I got Confirmed. After 20 hours of classes including a filed-trip to the newest Cathedral in the world they let me take the sacrament.
I'm not the most faithful of people. I was kind-of doing it more for the ceremony than for faith. Notice I did not say "party" but ceremony. Two very different things in my book. I am a person who believes ceremony is important.
I did it more for conclusion rather than faith. I never got confirmed and it felt...incomplete. I didn't feel like I was incomplete but I like things to be tidy, finished.
I didn't start this as a result of a deepening of my faith. On the contrary I came to it via a crisis of faith.
In the process, much to my surprise, I did gain something out of it.
These past few years of infertility did nothing to increase my faith. Then to go through IVF and DE, both of which are not allowed in my church, only served to raise my ire with the Church.
But in my classes and in my own reading I have come to appreciate certain things about the Catholic Church. I'm not going to get all theological on your ass but I have learned a few things that have helped me come to terms with my Church and my truth. These two things seemed very far apart recently. Now, not quite as much.
One of the key ideas that has helped me is that the Catholic Church does not interpret to Bible literally. There is a very concrete realization that both the Old and New Testaments were oral tradition written down decades (if not centuries) after the fact. Additionally, there is a realization that translations have changed meaning over time. Add to that the fact that these translations cross time and cultures and you have a lot of ambiguity there. What I like about the Catholic Church is this understanding of Scripture. It's still sacred. It's still the word of God but it was written by man and therefor our understanding of it and interpretation of it can change.
While I'm not a monotheist (I'll have to write more about my Native religion sometime) I feel like I can co-exist with a Western Religion.
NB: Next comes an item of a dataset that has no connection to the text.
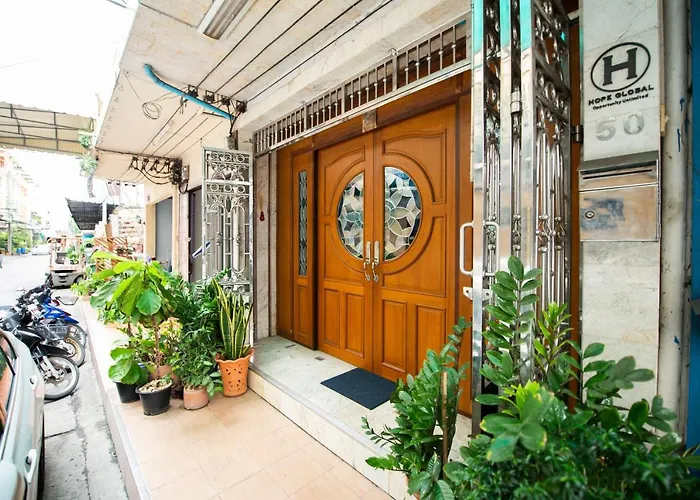 Bed & Breakfast Hidden Oasis Bangkok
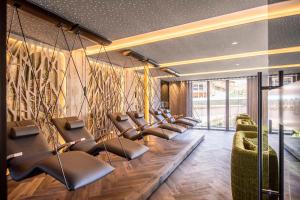 Quellenhof Luxury Resort Passeier في سان مارتينو: صف من الكراسي في غرفة الانتظار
I was surprised by how powerful the actual sacrament was. Not the 3 hour mass but the 15 seconds with the Bishop was really powerful.
Plus, I was pregnant. I'm not going to lie. I do get a subversive pleasure from the fact that this baby was in my belly when I got confirmed. The Catholic Church is against how this baby was conceived so I take some pleasure in the fact that I had a little hitchhiker along for the ride.